On ‘Poetry in Motion,’ The Soul Rebels Feature Array of Guests & New Sounds (ALBUM REVIEW)

The Soul Rebels newest release Poetry in Motion puts their brass band style in the background and shifts to a wide genre encompassing scope, touching on soul, pop, jazz, R&B and most directly hip-hop with a variety of beats and a host of MC’s (including band members). While the outfit has always loved hip-hop and supported some of the greatest (DMX, Nas) this release is their most direct focus on the genre and it succeeds because of that added sound, rhymes and production.  
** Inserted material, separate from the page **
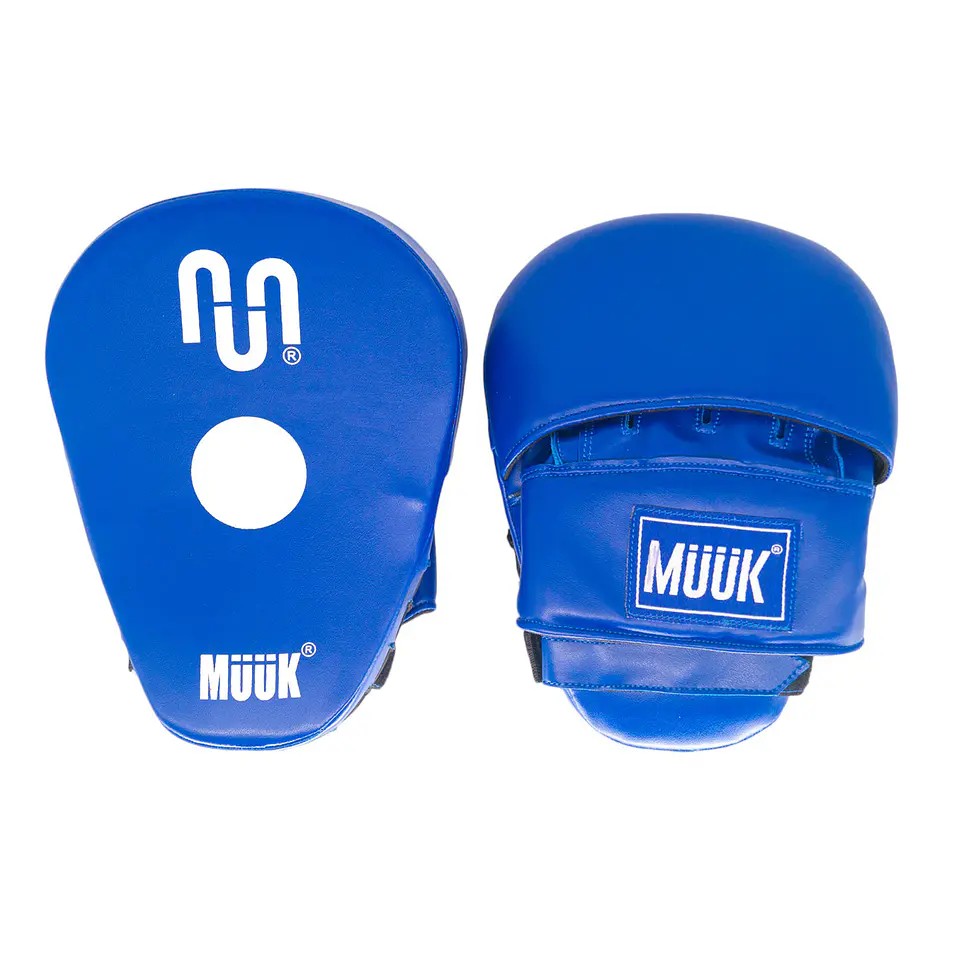 Guante de Entrenamiento Foco Curvo Muuk 2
The first two tracks showcase this new style the best. “Blow The Horns” allows two of the Soul Rebels, trumpeter Julian Gosin and trombonist Corey “Passport P” Peyton, to flex their MC skills around thumping bass drops, skitter drums and guest Sean Carey’s singing. It is a booming track and one of the bands best ever, before they top themselves on the very next song. “Greatness” fuses together their slinky horn blasts, a mega groove, huge drums and killer verses from New Orleans MCs Dee-1 and Alfred Banks to go along with Gosin and Peyton.   

The bands hometown gets yet another excellent shout out party song as “Down for My City” finds everyone showing up to help out, some are obvious (Trombone Shorty, Kermit Ruffins, DJ Jubilee, Cheeky Blakk) and some not (Emeril Lagasse), yet all contribute before a New Orleans City Wide Youth Choir chorus sing-along. Trombone Shorty pops back up to add his sound to the gorgeous instrumental “Sabor Latino” which spices in New Orleans Cuban flavors before the Caribbean and Reggae sounds filter through “It’s Up To You” featuring Kes and Kayla Jasmine.   

“Good Time” keeps New Orleans the focus as Big Freedia closes out the track while “Rebellious Destroyer” is a sonic excursion that includes Branford Marsalis and spotlights a twinkling harp break from Brandee Younger.  Less successful is the spiritual pairing of Matisyahu with the band for “Count Your Blessings” and the get down jam “Slide Back” with PJ Morton yet the other time the band gets sexy on record, the closing “Blush”, Robert Glasper, Tarriona “Tank” Ball and Fabriq manage to set a sultry tone. 

The band is best in party mode however and a song like “Real Life” is right in their sweet spot as Carey again helps out Gosin and Peyton on vocals as the band simply pumps up the jam behind them with added bass and piano. Poetry in Motion expands the band’s sounds while managing to stay true to their roots, The Soul Rebels newest is also their strongest full-length studio release.